Overview of MaTCH
Microplastics and trash datasets are notoriously difficult to combine due to inconsistent terminology, reporting units, size classes, and categorical descriptors. Even when high-quality methods are used, semantic heterogeneity across studies severely limits synthesis, modeling, and risk assessment.
The Microplastics and Trash Cleaning and Harmonization (MaTCH) framework addresses this challenge using artificial intelligence, semantic embeddings, and rule-based standardization to harmonize heterogeneous datasets into a unified, interoperable structure (DOI: 10.1021/acs.est.4c02406).
Importantly, MaTCH is not just a concept or algorithm—it is a publicly deployed web application with fully open-source code, making it immediately usable by the research and monitoring community.
Live app: https://hannahhapich.shinyapps.io/match/
Source code: https://github.com/hannahhapich/MaTCH
Publication: DOI: 10.1021/acs.est.4c02406
What Makes MaTCH Distinct
1. Deployed, Interactive Web App
MaTCH is available as a live Shiny application, allowing users to upload datasets, harmonize fields, and export standardized outputs without writing code:
🔗 MaTCH App: https://hannahhapich.shinyapps.io/match/
The app supports:
- Upload of microplastics or trash datasets with arbitrary column names
- Automated semantic matching of descriptors (e.g., polymer, shape, size)
- Unit normalization and categorical alignment
- Download of cleaned, harmonized datasets ready for analysis or database ingestion
This makes MaTCH accessible to field scientists, regulators, students, and data managers, not just computational users.

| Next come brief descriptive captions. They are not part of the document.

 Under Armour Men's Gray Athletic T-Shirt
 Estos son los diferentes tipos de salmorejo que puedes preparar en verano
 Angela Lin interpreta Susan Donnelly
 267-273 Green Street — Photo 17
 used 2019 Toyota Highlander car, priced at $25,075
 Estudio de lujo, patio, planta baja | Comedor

➡️ Related Plastiverse resource:
- Microplastics Data Crosswalk
https://www.plastiverse.org/tools/microplastics-data-crosswalk
2. Fully Open-Source Codebase
All MaTCH functionality is implemented in an open GitHub repository:
🔗 MaTCH GitHub Repository: https://github.com/hannahhapich/MaTCH
The repository includes:
- Source code for semantic ingestion and harmonization
- Documentation for local deployment and customization
- Transparent mapping logic for categories and units
This enables:
- Reproducibility and peer review of the harmonization process,
- Integration into custom pipelines (e.g., R, Shiny, or database workflows),
- Extension of the ontology as new descriptors emerge.
How MaTCH Works
Semantic Harmonization via AI Embeddings
MaTCH uses natural language processing and semantic embeddings to map disparate terminology into a shared conceptual space. For example:
- “LDPE”, “low-density polyethylene”, and “polyethylene (low density)”
- “fiber”, “microfiber”, “thread-like fragment”

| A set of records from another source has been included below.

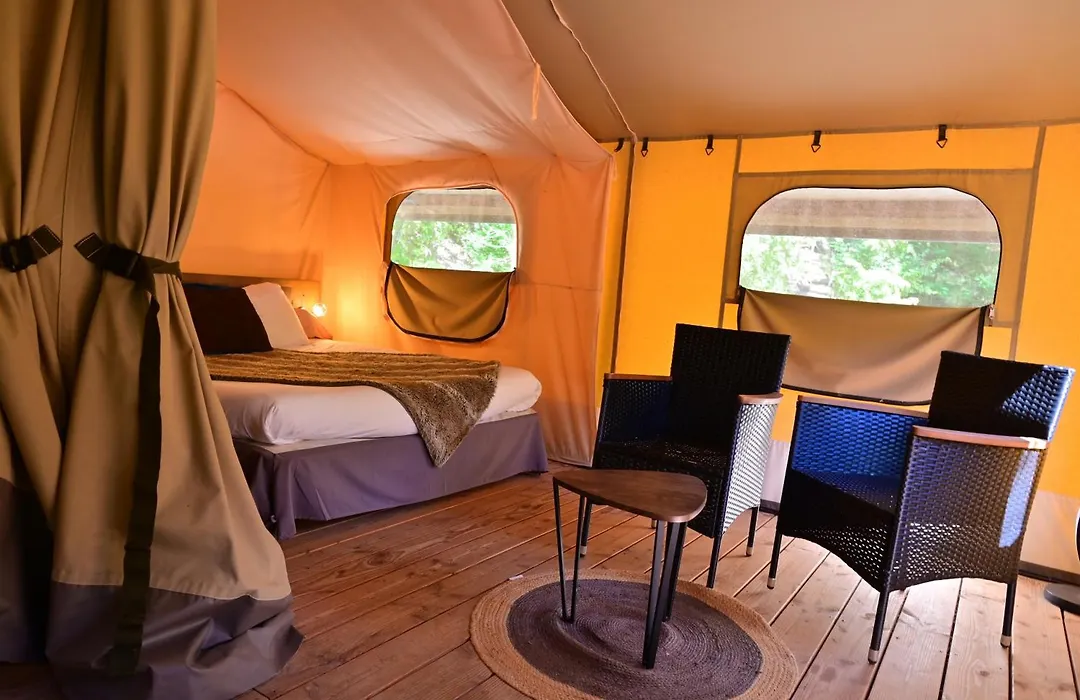 Prehistoric Lodge - Adult Only-1
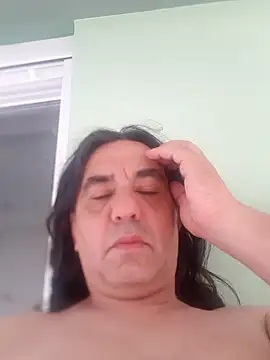 Snapshot of antoniothelover chatting on June 5, 8:09 am antoniothelover online show from June 5, 8:09 am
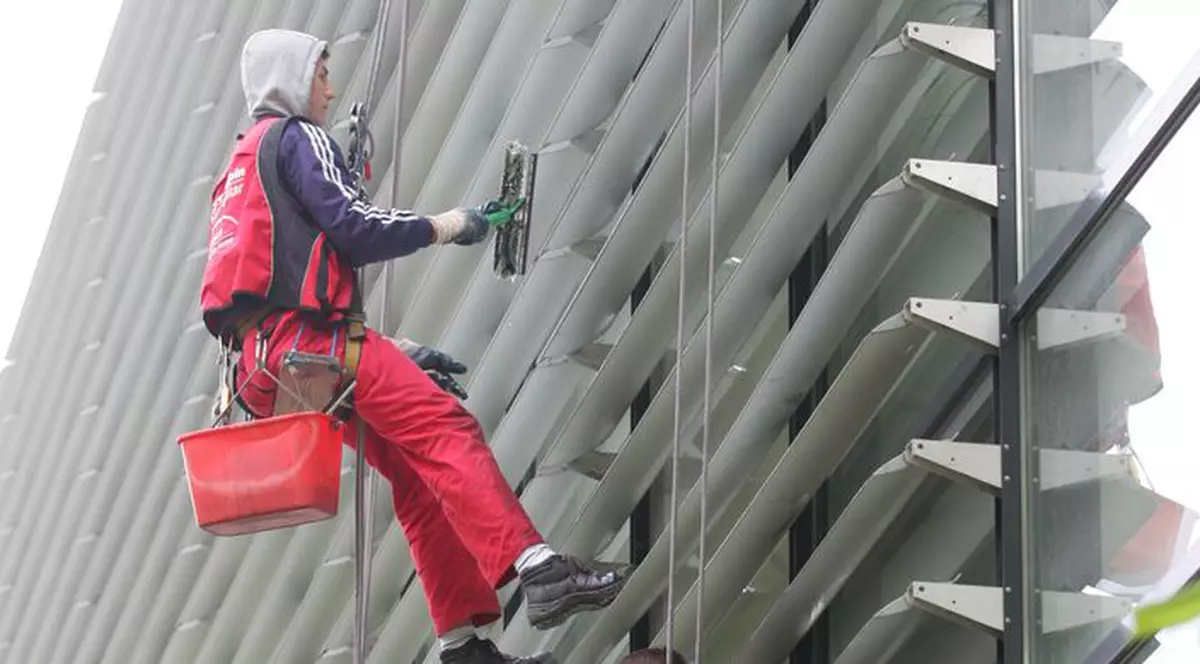 A căzut în gol de la 25 de metri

are recognized as semantically equivalent and harmonized into standardized categories.
This approach allows MaTCH to handle:
- Non-standard field names
- Misspellings and legacy terminology
- Previously unseen descriptors
Key Use Cases of MaTCH
Cross-Study Synthesis & Meta-Analysis
MaTCH enables aggregation of datasets collected using different reporting conventions—unlocking large-scale analyses across regions, matrices, and time.
➡️ See also:
- Atlas of Ocean Microplastics
https://www.plastiverse.org/tools/atlas-of-ocean-microplastics
Modeling, Exposure, and Risk Assessment
Harmonized inputs reduce structural uncertainty in fate, transport, and risk models that depend on consistent size, polymer, and concentration data.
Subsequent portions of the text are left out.